“What is the difference between the FTSE 100 and FTSE 250? Ben Barlow explains and covers possible trends and investment opportunities that we could see in 2017″
The FTSE 100 is an index of the biggest 100 companies listed on the UK Stock Exchange. These companies are referred to as ‘blue chip’ companies and the index is valued around £1.9 trillion. The FTSE 100, sometimes referred to as the ‘footsie’, hit a low point of 5,923 following the UK referendum last June, but it’s currently valued at 7,243.
The FTSE 250 is made up of the next 250 largest companies trading on the UK Stock Exchange. Analysts sometimes refer to this index as the ‘Mid-Caps’. Companies listed on the FSTE 250 are collectively worth around £390 Billion. The FTSE 250 also tanked in the aftermath of the EU referendum, hitting a value of 14,967 on June 27, but it recovered and is 18,588 today.
These values are calculated using the value of shares of each company listed and the index value. When the index value falls, it’s because share prices have dropped, and vice versa. Both financial indices are influenced to a degree by external factors such as the UK and global economies, political events, and environmental disasters. However, the FTSE 100 is less susceptible to investor sentiment.

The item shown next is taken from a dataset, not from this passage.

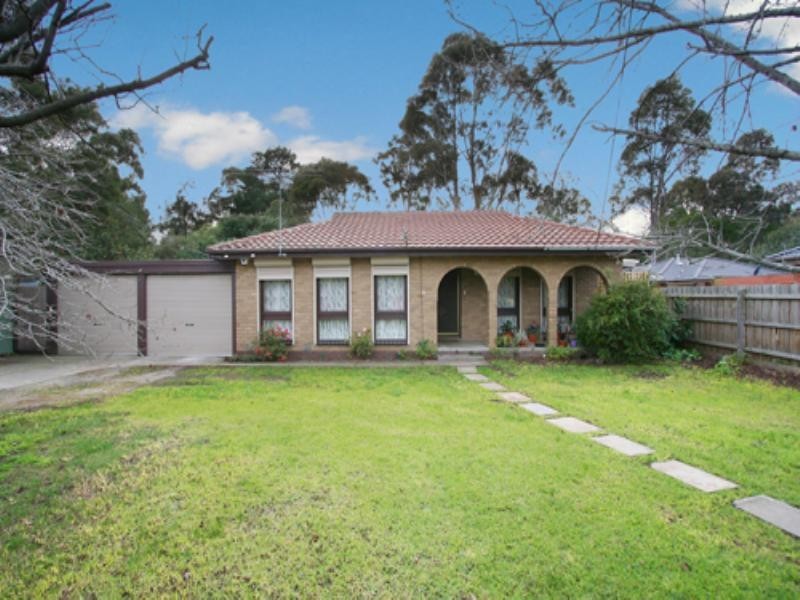 9 Glenfern Road, Ferntree Gully VIC 3156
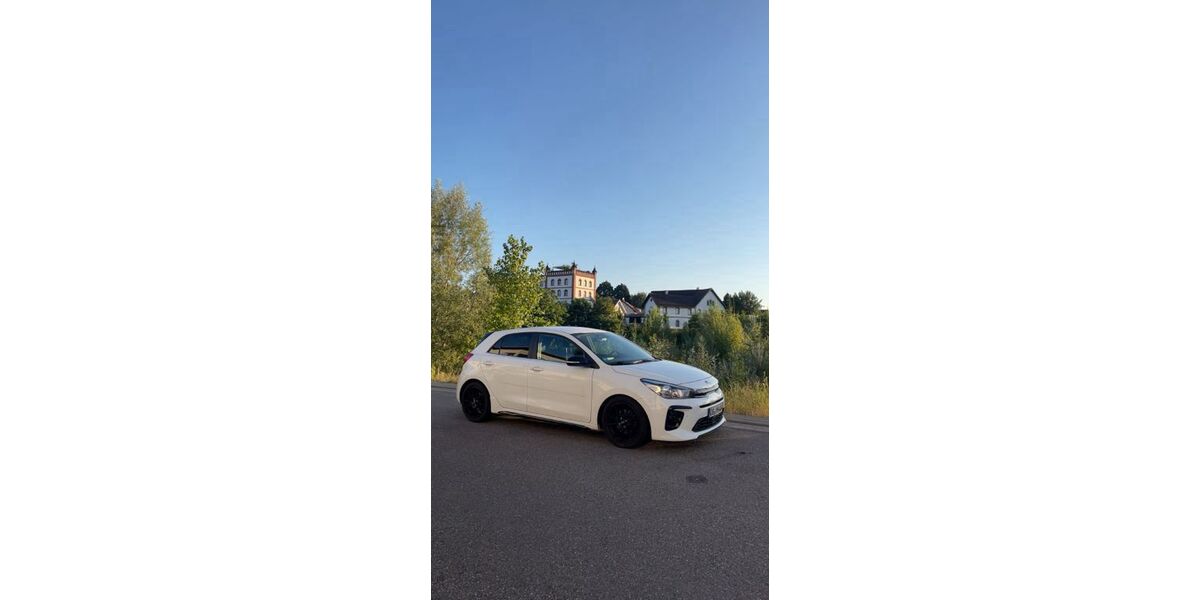 Kia Rio 53.000 km 15.750 &euro; Achern 77855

Trends in the FTSE 100 and 250
The FTSE 100 is made up of companies whose operations take place well beyond UK borders. Companies like Royal Dutch Shell and BP are global operations, so events like Brexit cause very few ripples on their balance sheet. According to Credit Suisse, the top 100 companies listed on the Stock Exchange make 75% of their money overseas. A low pound boosts their earnings, which in turn boosts the value of the FTSE 100.
It’s a different story on the FTSE 250. Companies traded on this index tend to be smaller, so they are more vulnerable to UK politics and economics. You will find some of the larger construction companies, house builders, and banks listed on the FTSE 250 index. Many of them have suffered in the aftermath of Brexit, and some of them have been forced to issue profit warnings. A falling pound and rising inflation hits these companies hard, which in turns sees the FTSE 250 value sliding.
Looking Ahead into 2017
The FTSE 250 has seen far greater gains over the last five years than the FTSE 100, but just because it offers greater growth potential, this doesn’t mean it’s a better choice for investors. The FTSE 100 has a lower risk profile, so with Brexit causing much uncertainty for the year ahead, the FTSE 100 could be a safer bet for investors. However, in the long term, the FTSE 250 is likely to outperform the 100, as companies listed here will benefit if and when the economy grows post-Brexit. There is also a good chance that the pound will make significant gains against the Euro, which will slow down the FTSE 100.